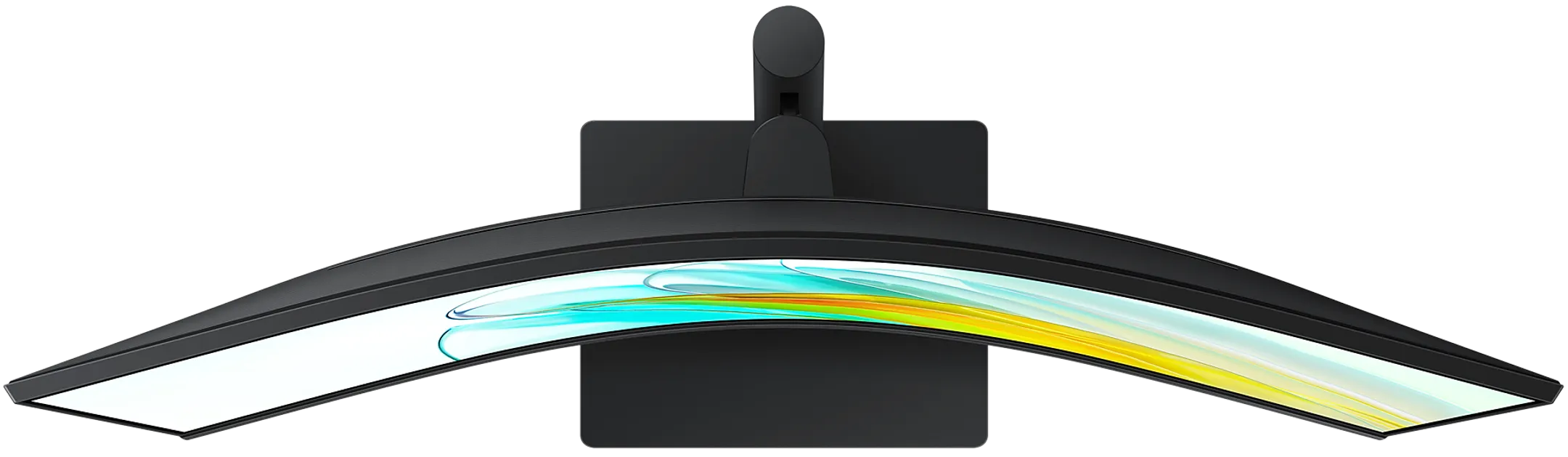 Samsung 34" UWQHD-Monitor ViewFinity S65UC LS34C652UAUXEN - Schwarz image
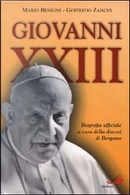 Giovanni XXIII by Goffredo Zanchi, Mario Benigni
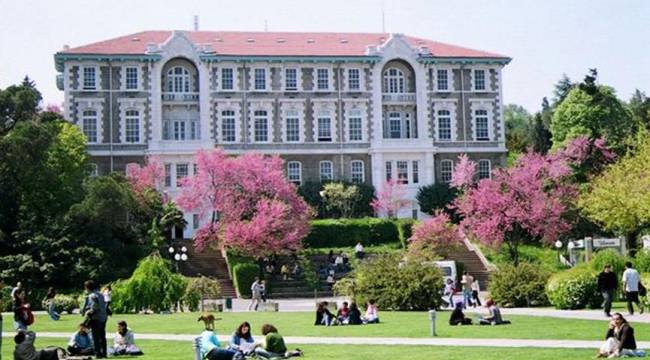 New York Eyalet Mahkemesi'nin Boğaziçi Üniversitesi arazisine el koyabileceği iddia edildi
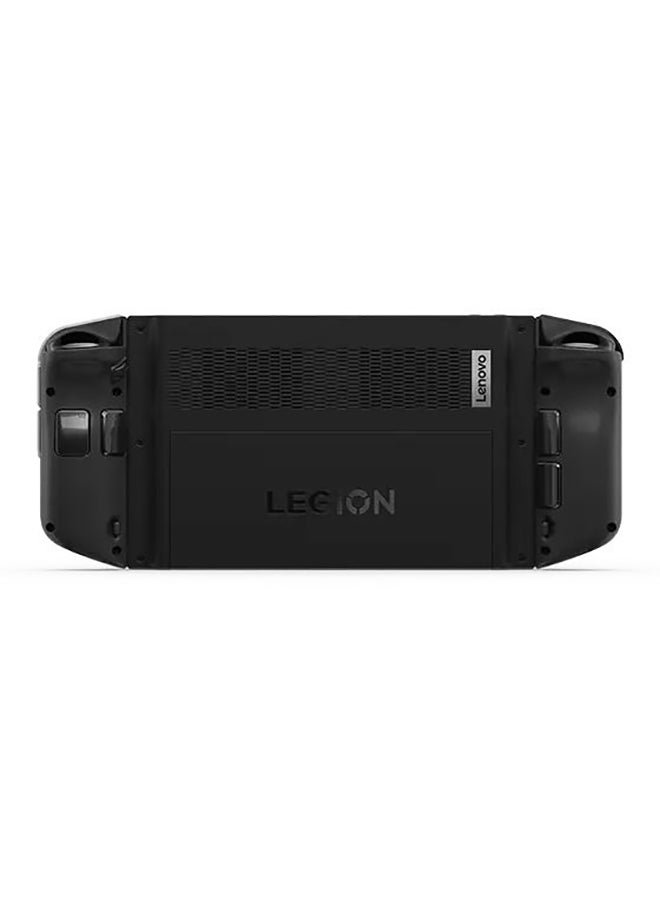 لينوفو - Lenovo Legion Go، ألعاب محمولة، معالج AMD Ryzen Z1 Extreme، ذاكرة وصول عشوائي 16 جيجابايت، تخزين SSD 512 جيجابايت، رسومات AMD Radeon مدمجة، شاشة 8.8 بوصة WQXGA 144 هرتز، Windows 11+ 1 تيرابايت SSD خارجي محمول من Lenvo - Image 1
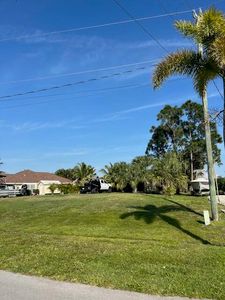 5307 NW Rugby Drive, Port Saint Lucie, FL, 34983
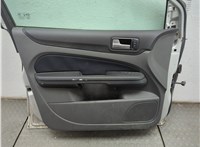 4895281 Замок двери Ford Focus 2 2005-2008 11785642 #2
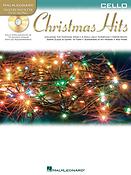 Instrumental Play-Along: Christmas Hits (Cello)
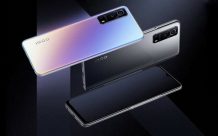 The launch date of the Vivo iQOO 8 smartphones has been revealed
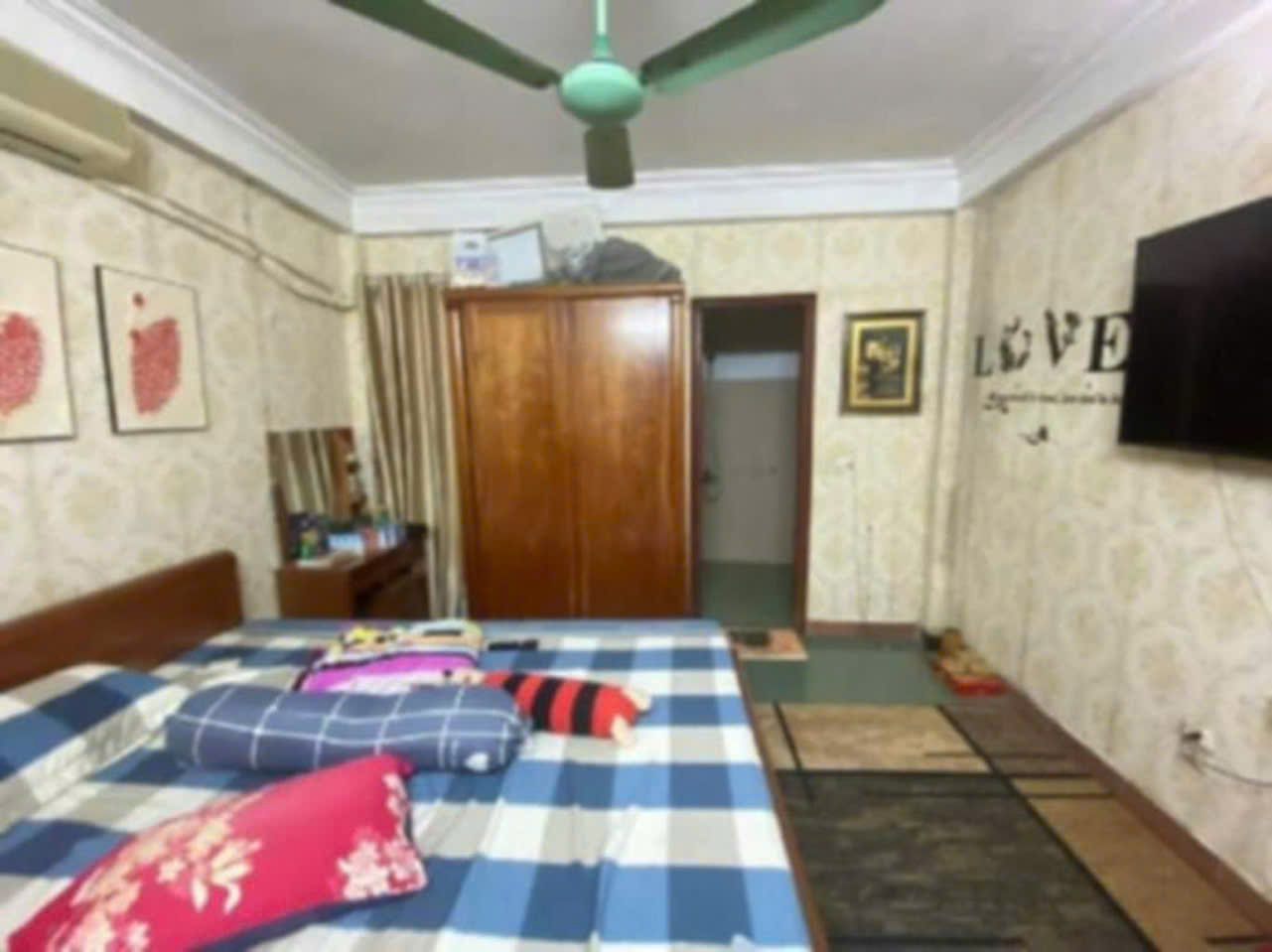 115M NHÀ MẶT PHỐ THANH XUÂN - GIÁ MẶT NGÕ Ở HUYỆN  - BÁN ĐẤT TẶNG NHÀ, TẶNG LUÔN CẢ THIẾT KẾ & GPXD - Ảnh 4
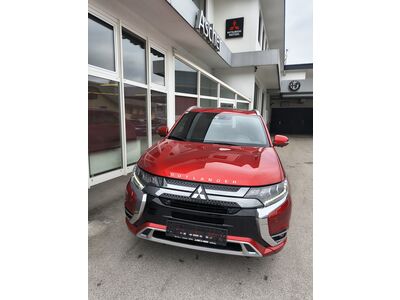 Mitsubishi Outlander Gebrauchtwagen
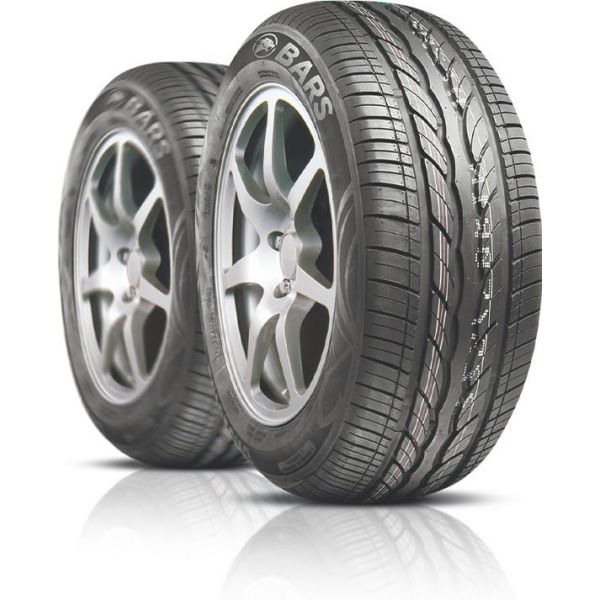 BARS UZ310 235/50 R18 101W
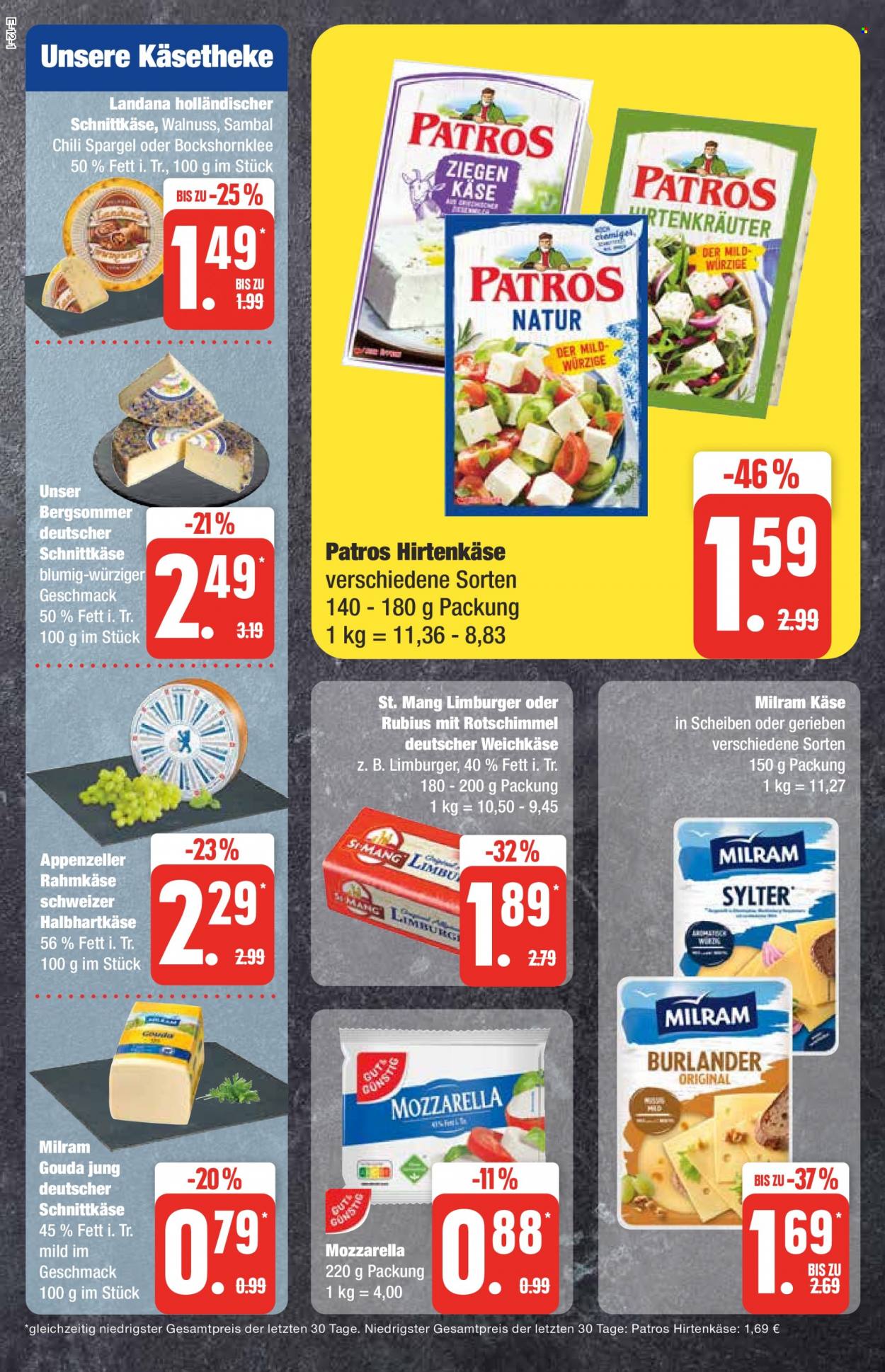 Edeka Prospekte  - 2.05.2023 - 6.05.2023. Seite 12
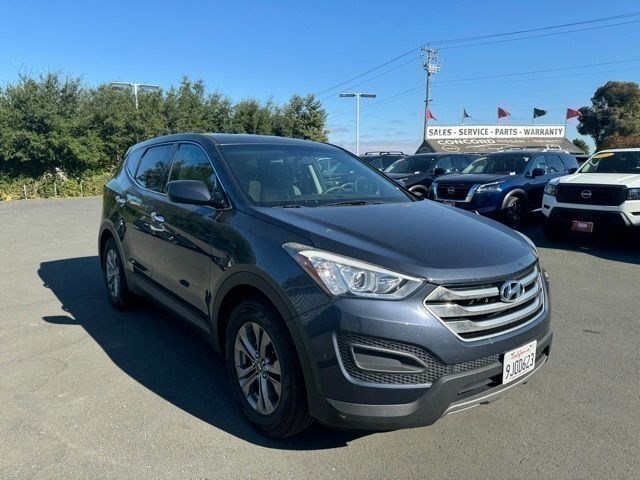 2016 Hyundai Santa Fe Sport Base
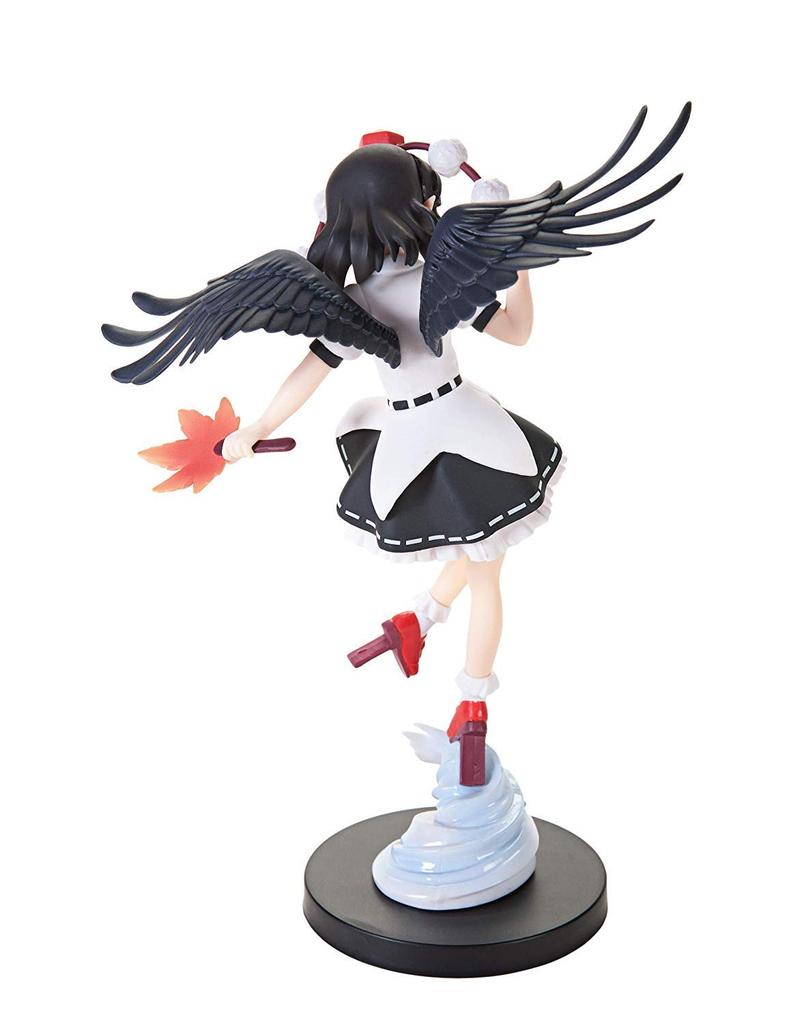 Touhou Project Premium Figure Shameimaru Aya (Prize)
————————
• _About this task_: Working from the line containing "لينوفو - Lenovo" to the last line of the data, retype every line exactly, both ends included, and leave out all pictures.

• _Written answer_:
 لينوفو - Lenovo Legion Go، ألعاب محمولة، معالج AMD Ryzen Z1 Extreme، ذاكرة وصول عشوائي 16 جيجابايت، تخزين SSD 512 جيجابايت، رسومات AMD Radeon مدمجة، شاشة 8.8 بوصة WQXGA 144 هرتز، Windows 11+ 1 تيرابايت SSD خارجي محمول من Lenvo - Image 1
 5307 NW Rugby Drive, Port Saint Lucie, FL, 34983
 4895281 Замок двери Ford Focus 2 2005-2008 11785642 #2
 Instrumental Play-Along: Christmas Hits (Cello)
 The launch date of the Vivo iQOO 8 smartphones has been revealed
 115M NHÀ MẶT PHỐ THANH XUÂN - GIÁ MẶT NGÕ Ở HUYỆN  - BÁN ĐẤT TẶNG NHÀ, TẶNG LUÔN CẢ THIẾT KẾ & GPXD - Ảnh 4
 Mitsubishi Outlander Gebrauchtwagen
 BARS UZ310 235/50 R18 101W
 Edeka Prospekte  - 2.05.2023 - 6.05.2023. Seite 12
 2016 Hyundai Santa Fe Sport Base
 Touhou Project Premium Figure Shameimaru Aya (Prize)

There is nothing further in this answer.